GGS contributed approximately $32,700,000 and $24,988,000 to the Company’s revenues for the nine-month periods ended December 31, 2008 and 2007, respectively.  The $7,712,000 (31%) increase in revenues was due to an increase in the number of military deicing units delivered, an increase in the number of commercial catering trucks and an increase in the number of international commercial orders completed during the current period.  At December 31, 2008, GGS’s order backlog was $12.2 million compared to $16.0 million at December 31, 2007.

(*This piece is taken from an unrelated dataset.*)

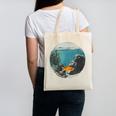 Fish Bowl Frutiger Aero Y2K Retro Vibes Canvas Tote Bag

GAS was formed in September 2007 to operate the aircraft ground support equipment and airport facility maintenance services business of the Company.  GAS is providing aircraft ground support equipment and airport facility maintenance services at a number of locations.  Currently, GAS supports 52 customers with aircraft ground support equipment and airport maintenance facilities at 17 domestic airports and supports 24 additional airports through traveling technicians.
 
 

 
13

GAS contributed approximately $5,404,000 and $1,238,000 to the Company’s revenues for the nine-month periods ended December 31, 2008 and 2007, respectively.  The $4,167,000 increase in revenues was due to GAS commencing operations in September 2007 and not including a full nine months of operations in the prior year period.  GAS has grown to 8% of consolidated revenues for the nine-month period ended December 31, 2008.

Third Quarter Highlights
 
The Company has produced solid third quarter results following an excellent first half of this fiscal year.  Overall, we are pleased with the quarterly and year to date results, but the general economic and industry conditions continue to be a major concern and as a result we remain cautious going forward.  In these difficult times, we remain dedicated to conserving cash, watching costs, tightening our credit policies and maintaining our customer and vendor relationships.

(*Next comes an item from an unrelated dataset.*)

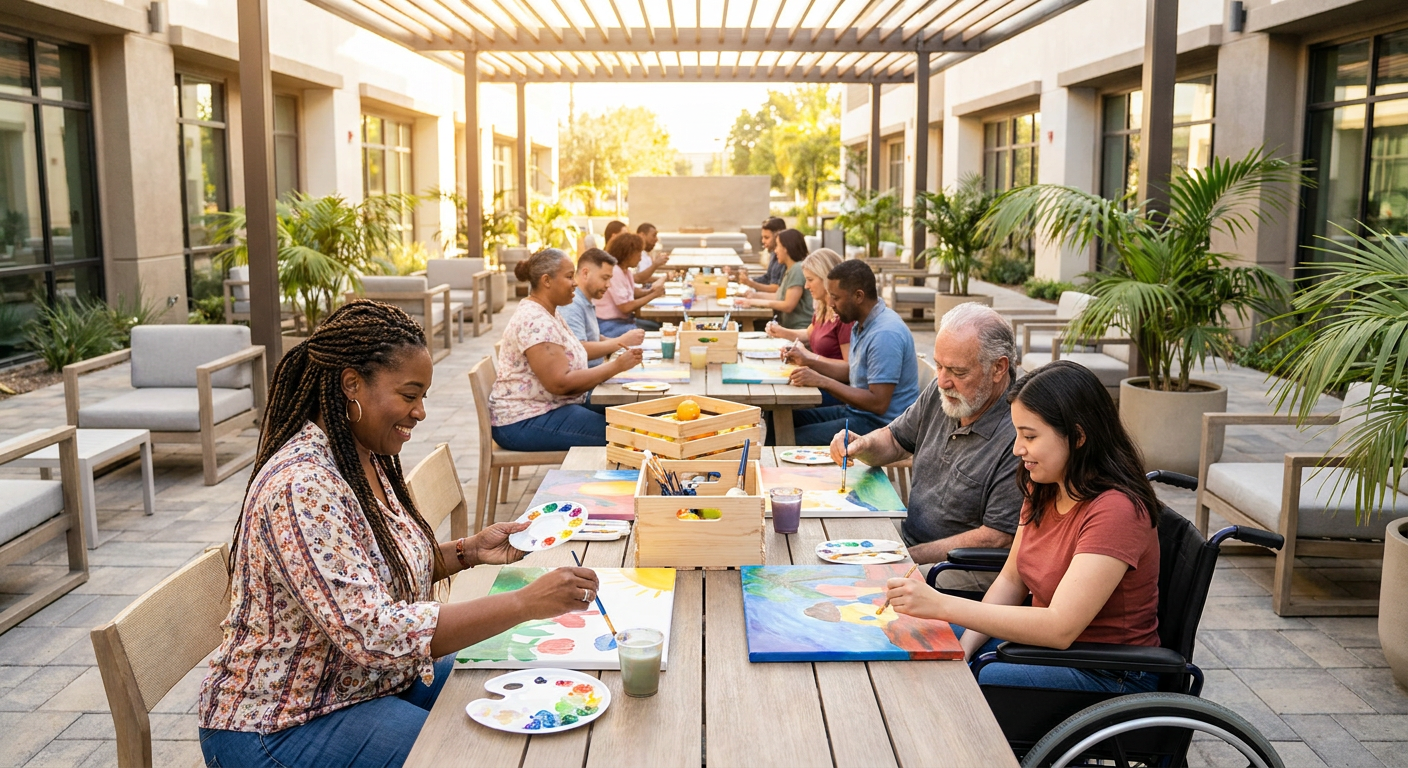 Eastvale Mobile Paint and Sip Canvas Workshop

During the quarter ended December 31, 2008, revenues from our GAS subsidiary totaled $2,043,000.  This new line of business continues to expand its customer base.  GAS’s main challenges continue to be its ability to add additional customers and develop existing ones to optimally utilize our staffing capacity at existing locations, to selectively add new stations, and to manage accounts receivable in a difficult operating environment and industry.  We also continue to monitor the Northwest Airlines and Delta Airlines merger as Northwest Airlines comprises a substantial portion of GAS’s business.

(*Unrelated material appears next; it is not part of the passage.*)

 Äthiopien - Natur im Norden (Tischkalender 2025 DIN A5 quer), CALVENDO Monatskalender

Two additional lawsuits in connection with the 2005 Philadelphia boom incident were settled during the quarter.  A settlement of the U. S. Airways suit was reached with all parties, with no additional financial impact to the Company.  In addition, the suit in which the Company was seeking to recover approximately $905,000 in costs incurred by the Company, was settled for $550,000, which the Company will receive over two and a half years.  The $550,000 settlement has been recognized in other income and as a receivable in the quarter ended December 31, 2008.  For a complete discussion of these settlements and the ongoing status of the related matters, refer to Note 11 of the Notes to Consolidated Financial Statements (Unaudited), included in Part I, Item 1 of this report.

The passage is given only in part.